**What you need to do**
Wherever an image appears in the data, omit it and copy all the remaining text word for word.

━━━━━ Available data

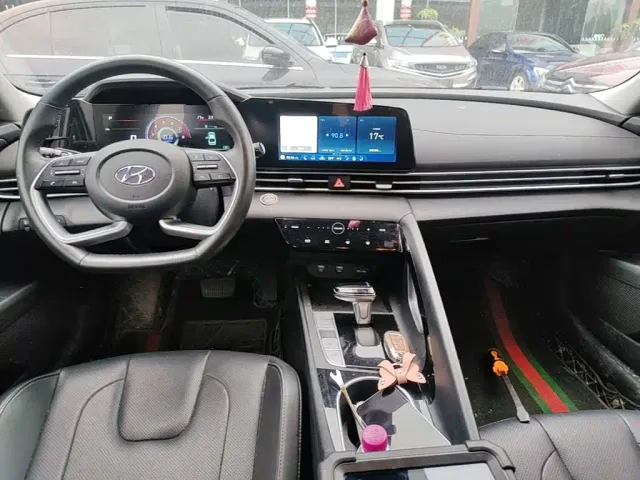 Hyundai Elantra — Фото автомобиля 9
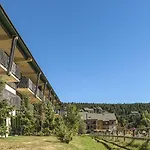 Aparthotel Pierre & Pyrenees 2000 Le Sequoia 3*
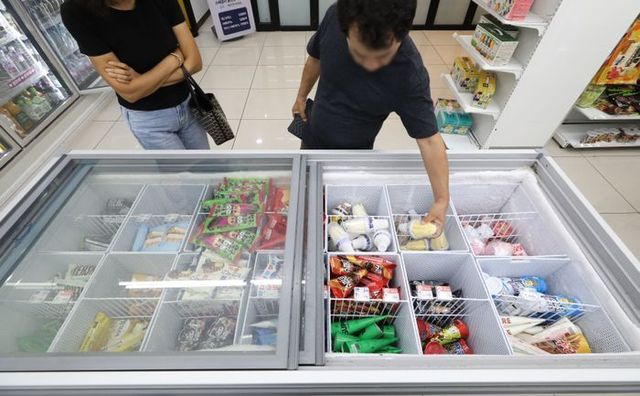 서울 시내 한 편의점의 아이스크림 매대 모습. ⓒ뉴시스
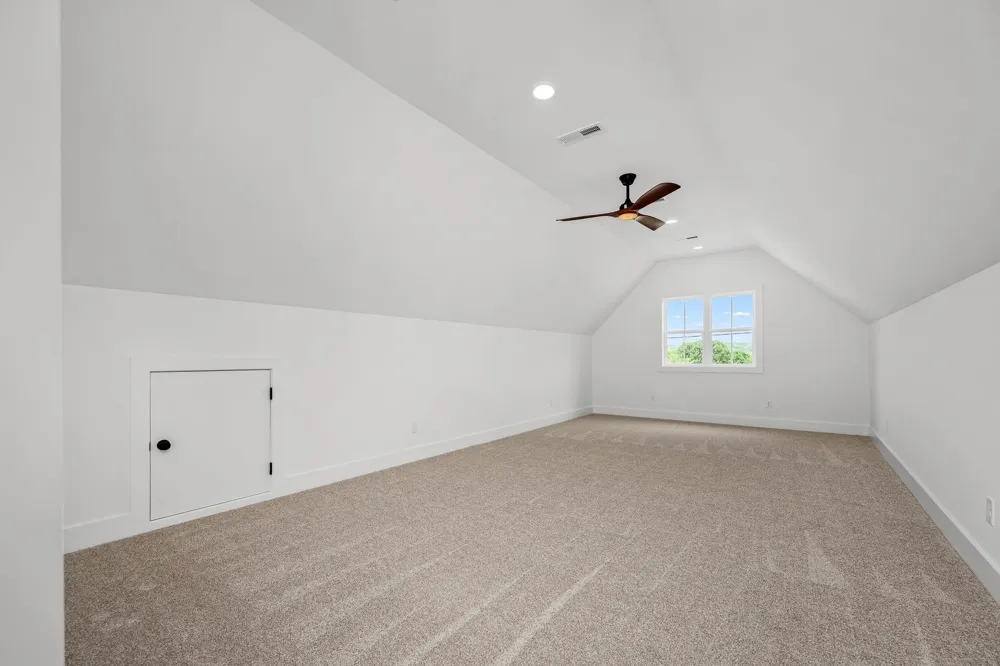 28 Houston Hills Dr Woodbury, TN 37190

━━━━━━━━━━

**Completed task**
 Hyundai Elantra — Фото автомобиля 9
 Aparthotel Pierre & Pyrenees 2000 Le Sequoia 3*
 서울 시내 한 편의점의 아이스크림 매대 모습. ⓒ뉴시스
 28 Houston Hills Dr Woodbury, TN 37190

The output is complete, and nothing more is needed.